Write every line below out again exactly, images omitted.

* _STORED DATA_:
----

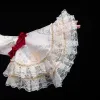 Vintage Medeltida Rodnande Rosa Balklänning Balklänningar 2021 U-Hals Långärmad Långa Broderade Utskrift Cosplay Bal Formella Klänningar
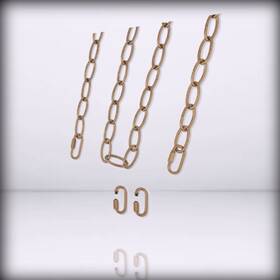 Optimant Lighting 739406512090 Antique Gold Chain 20 Feet Metal Chandelier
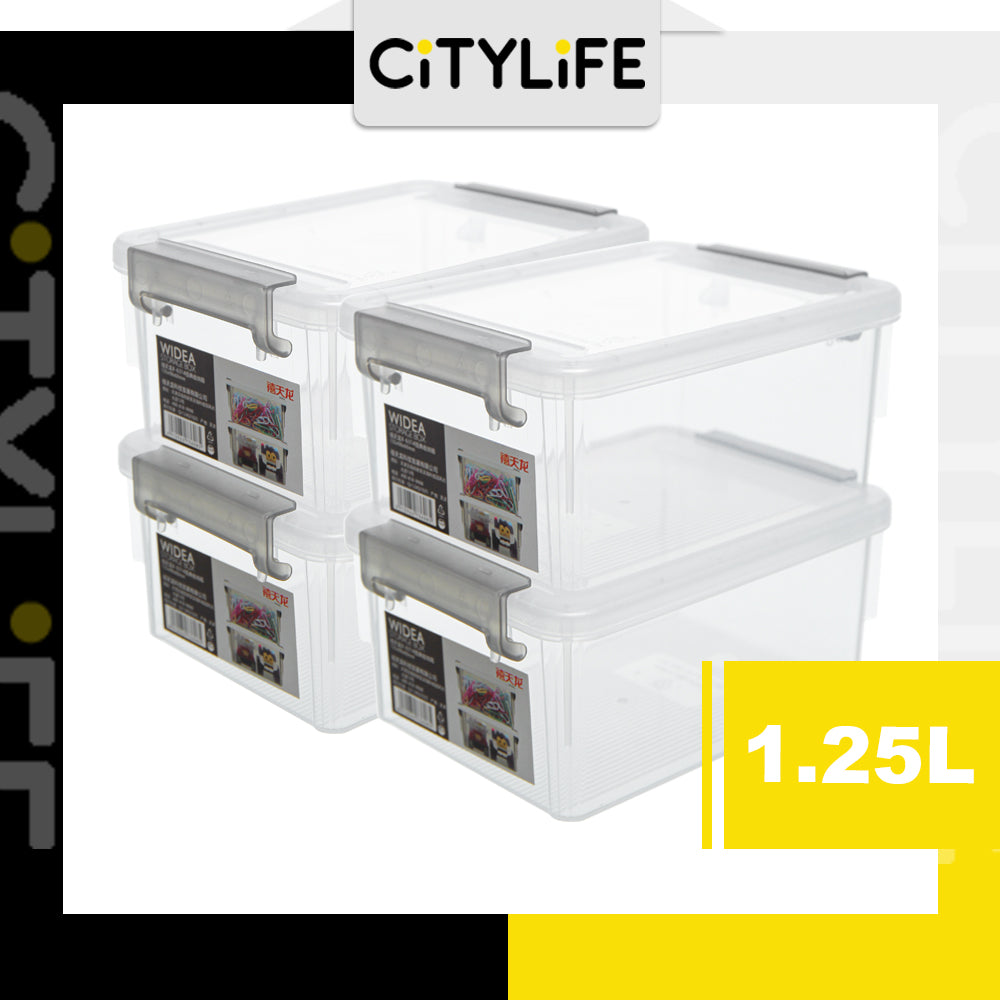 (BUNDLE OF 2) Citylife 1.25L Widea Transparent Storage Box Stackable Storage Mini Container Box - XS X-6315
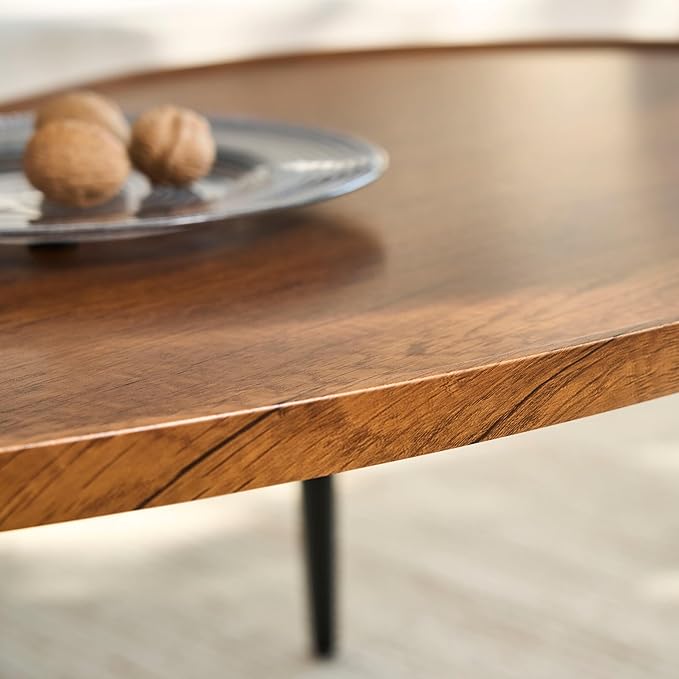 Saint Mossi Modern Coffee Table for Living Room, Mid-Century Mango Shaped Wood Coffee Table, Center Table for Small Space, D47xW23.6xH15, Espresso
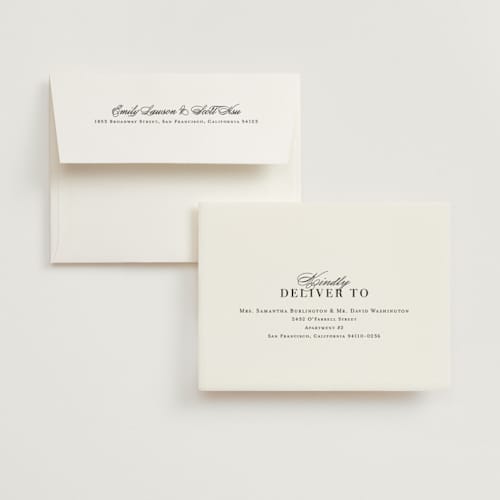 This is a cotton wedding thank you cards with foil pressed by Jennifer Postorino called gilded ampersand printing on recycled smooth signature in standard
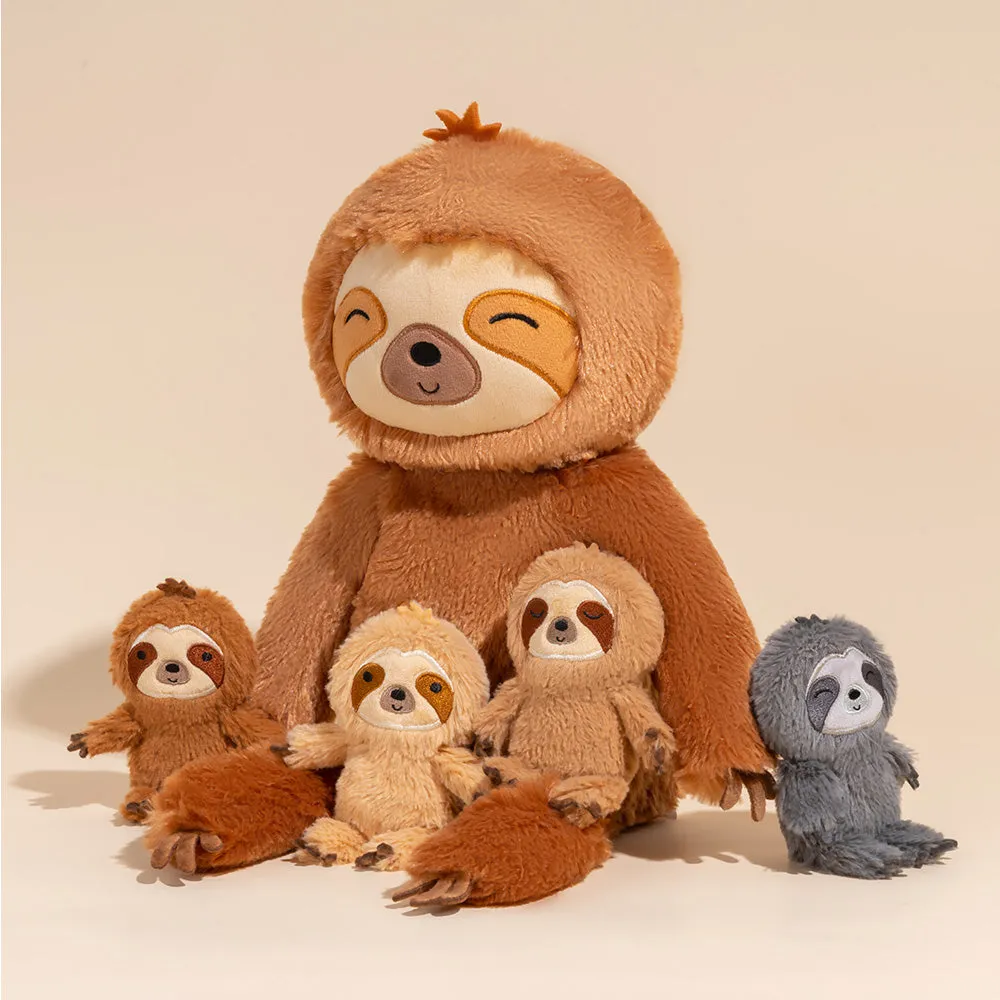 Sloth Family with 4 Babies Plush Playset Animals Stuffed Gift Set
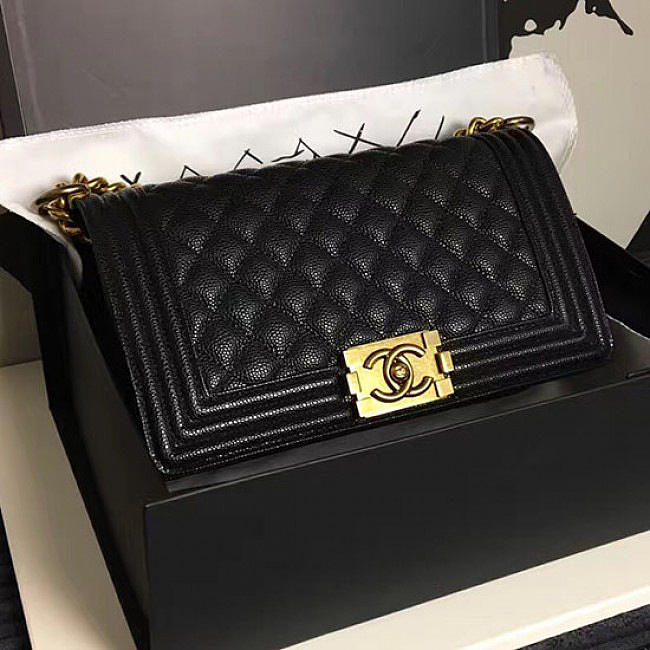 Luxury Chanel Medium Quilted Caviar Boy Bag Black Gold A13043 VS08406 - 1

----

* _SOLVED PROBLEM_:
 Vintage Medeltida Rodnande Rosa Balklänning Balklänningar 2021 U-Hals Långärmad Långa Broderade Utskrift Cosplay Bal Formella Klänningar
 Optimant Lighting 739406512090 Antique Gold Chain 20 Feet Metal Chandelier
 (BUNDLE OF 2) Citylife 1.25L Widea Transparent Storage Box Stackable Storage Mini Container Box - XS X-6315
 Saint Mossi Modern Coffee Table for Living Room, Mid-Century Mango Shaped Wood Coffee Table, Center Table for Small Space, D47xW23.6xH15, Espresso
 This is a cotton wedding thank you cards with foil pressed by Jennifer Postorino called gilded ampersand printing on recycled smooth signature in standard
 Sloth Family with 4 Babies Plush Playset Animals Stuffed Gift Set
 Luxury Chanel Medium Quilted Caviar Boy Bag Black Gold A13043 VS08406 - 1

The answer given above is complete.